**Task instructions**
Scan the records below for the line containing "Velvet Mesh Top in Pink Checkered" and the line containing "Sardinien Italien Sardinien". Copy both, plus every line between, exactly.

+ + + + +

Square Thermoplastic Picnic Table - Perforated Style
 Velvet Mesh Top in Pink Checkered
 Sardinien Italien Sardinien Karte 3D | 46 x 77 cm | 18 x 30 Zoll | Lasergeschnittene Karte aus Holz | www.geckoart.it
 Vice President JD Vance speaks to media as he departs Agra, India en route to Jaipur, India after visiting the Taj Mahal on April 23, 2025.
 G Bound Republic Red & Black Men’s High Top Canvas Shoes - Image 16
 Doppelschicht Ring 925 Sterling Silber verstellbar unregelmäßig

+ + + + +

**Answer space**
 Velvet Mesh Top in Pink Checkered
 Sardinien Italien Sardinien Karte 3D | 46 x 77 cm | 18 x 30 Zoll | Lasergeschnittene Karte aus Holz | www.geckoart.it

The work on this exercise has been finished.